November-December 2009 Quick Links, Part 2

By Eric Goldman

Copyright

* Want Ad Digest Inc. v. Display Advertising Inc. (N.D.N.Y. Sept. 3, 2009). A classified ads publisher wants to stop a competitor from republishing its classified ads. The court said that advertisers, not the publisher, generally own the copyrights to each individual ad, but the publisher claimed it had edited those ads sufficient to claim a copyright interest in them as well. This factual allegation prevented summary judgment. The publisher also claimed a compilation copyright based on the organization of individual ads into various headings and subheadings. The court said that the placement of ads within headings and the headings themselves weren’t protectable. The organization of subheadings might support a compilation copyright, but the republisher didn’t use the same organization and therefore didn’t violate any compilation copyright. A little known fact: one of my key summer associate projects in 1993 was to analyze republication of classified ads. Note to my assigning attorney: it may be 16 years later, but I think I got my analysis right!

* Moberg v. 33T LLC, 08-625(NLH) (D. Del. Oct. 6, 2009). Publication of a photo on a German website does not constitute “publication” in the United States sufficient to require the copyright owner to register the photo before suing for copyright infringement in a US court.

* Sony v. Tenenbaum. Downloading copyrighted works via peer to peer software isn’t fair use (something we already knew from BMG v. Gonzalez), but it might have been a closer call with a better litigation strategy by the defense.

* Rebecca on EsNtion Records v. TritonTM, an impressive copyright infringement and 1202 defense win.

Virtual Worlds

* The FTC thinks virtual worlds should clean up their act to keep kids away from online porn.
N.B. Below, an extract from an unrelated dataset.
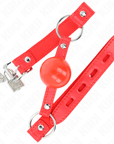 KINK - BALLA IN TPE 4 CM CON SERRATURA ROJO 60 x 2 CM - KINK COLLAR & GAG - Intimo per le occasioni speciali | The Game Lingerie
* GameSpot: Estavillo has appealed his loss in the Sony case and expanded his litigation to Microsoft and Nintendo.

* Prof. Miriam Cherry on employment law issues in virtual worlds.

Defamation

* Marine Pile Drivers, LLC v. East Coast Marine Pile Drivers, LLC, 2009 WL 3753526 (W.D. La. Nov. 9, 2009). Allegedly defamatory blog post gives rise to jurisdiction in the plaintiff’s home court.

* Salyer v. The Southern Poverty Law Center, Inc., 2009 WL 4758736 (W.D. Ky. Dec. 7, 2009). The CMLP page. Subsequently linking to and referencing an allegedly defamatory online article does not reset the statute of limitations under the single publication rule.
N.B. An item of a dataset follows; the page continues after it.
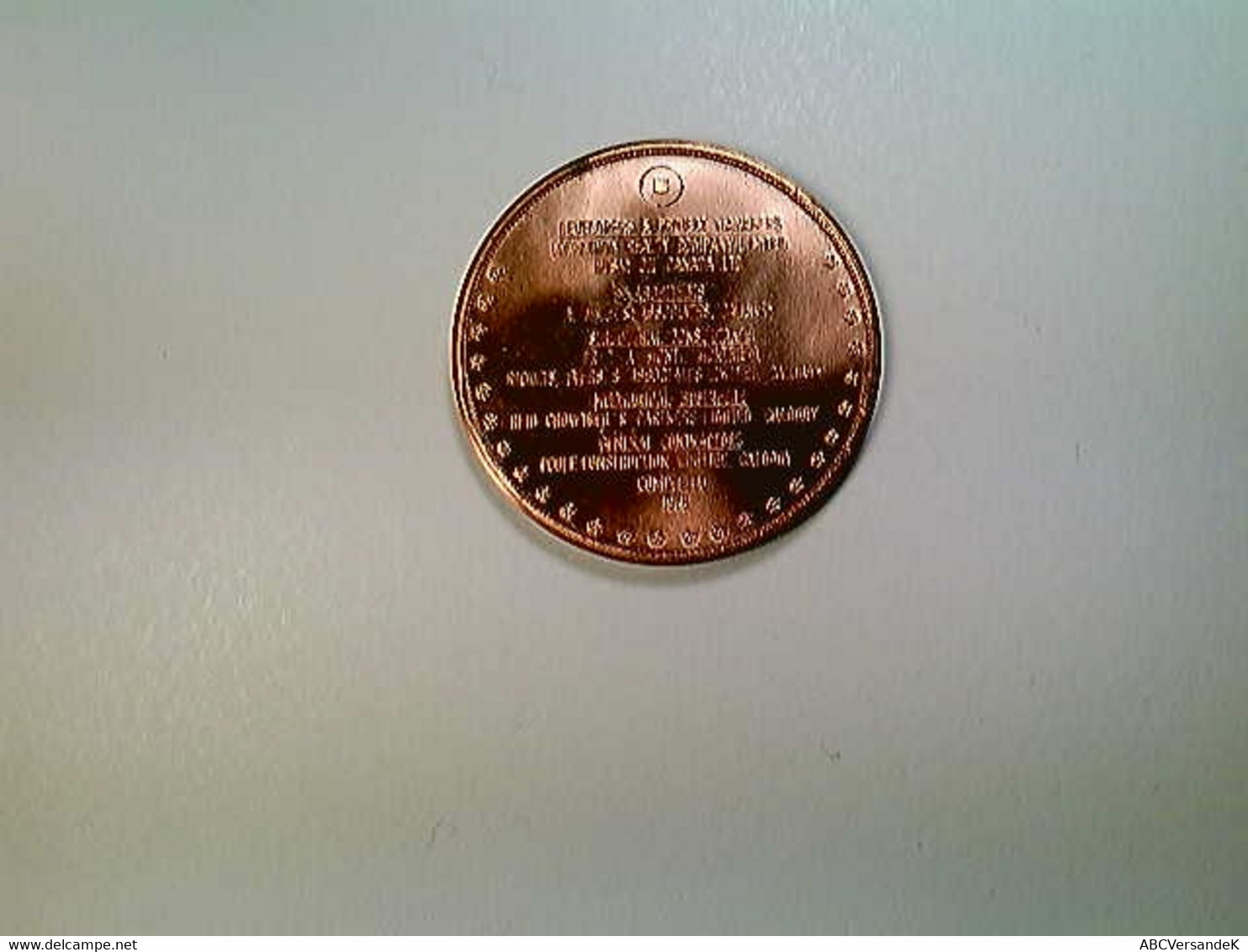 Medaille Calgary, Canada, Husky Tower, 1968, Kupfer - Numismatik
* Colette Vogele put together an excellent presentation discussing plaintiff-side considerations when pursuing anonymous posters.

Miscellaneous

* The Feds dropped their appeal in the Lori Drew case, finally bringing to an end a case that never should have been brought.
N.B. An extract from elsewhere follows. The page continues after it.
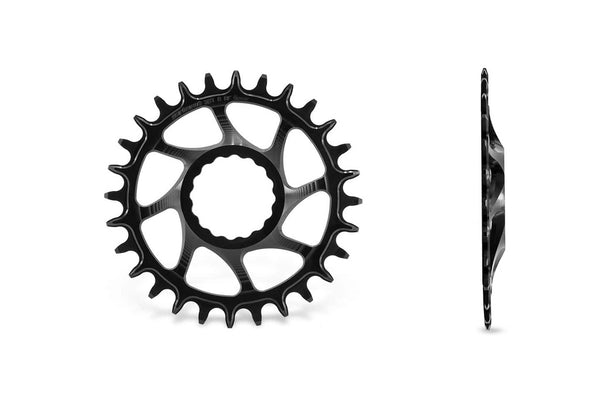 Chainring Garbaruk MTB RaceFace Cinch Boost DM Round 28T Black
* The FTC and other agencies have promulgated model Gramm-Leach-Bliley privacy policies. Five years in the making and battled tested by consumers. The instructions are pretty specific about font size, font color, page orientation, etc. Although the tabular format should make scanning the notices easier, it will be interesting to see if these notices actually do a better job than the current notices on any dimension that matters.